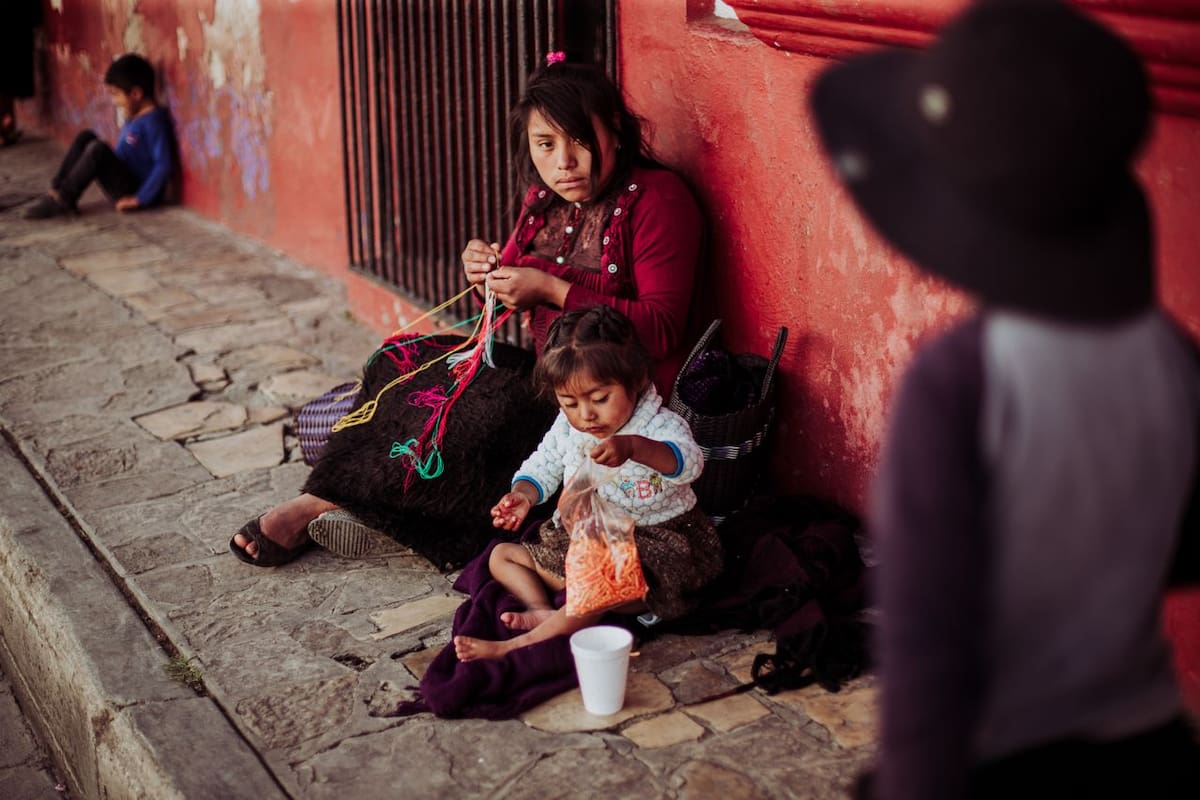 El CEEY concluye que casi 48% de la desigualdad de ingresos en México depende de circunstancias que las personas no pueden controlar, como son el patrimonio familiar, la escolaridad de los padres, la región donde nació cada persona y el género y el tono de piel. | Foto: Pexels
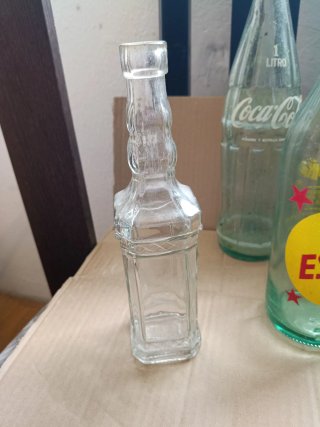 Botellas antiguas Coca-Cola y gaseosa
--
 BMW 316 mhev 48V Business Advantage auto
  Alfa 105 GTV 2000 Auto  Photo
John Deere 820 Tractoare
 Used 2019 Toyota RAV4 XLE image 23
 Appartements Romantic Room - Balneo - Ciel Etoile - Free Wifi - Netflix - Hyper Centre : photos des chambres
--
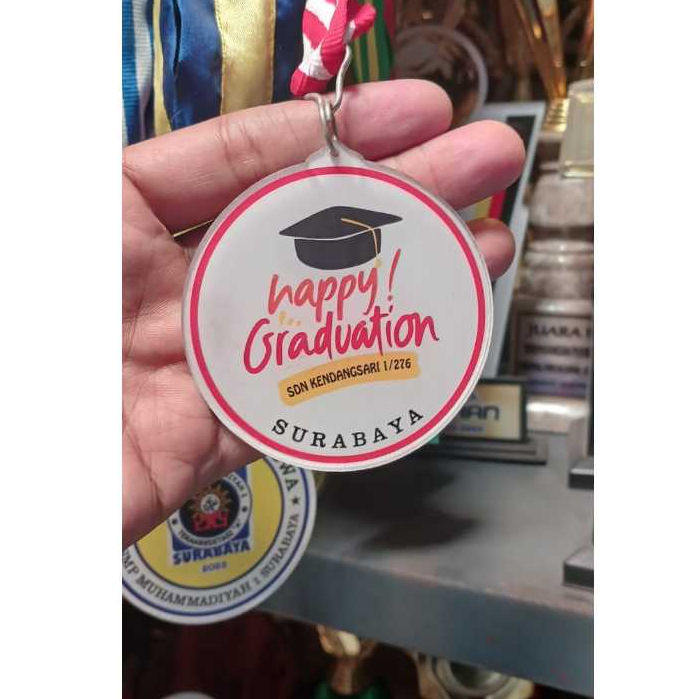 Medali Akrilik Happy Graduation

Prompt: Lines to set down from above: the line with "John Deere 820 Tractoare", the line with "Appartements Romantic Room", and every line between, each exactly as written.

Response box:
John Deere 820 Tractoare
 Used 2019 Toyota RAV4 XLE image 23
 Appartements Romantic Room - Balneo - Ciel Etoile - Free Wifi - Netflix - Hyper Centre : photos des chambres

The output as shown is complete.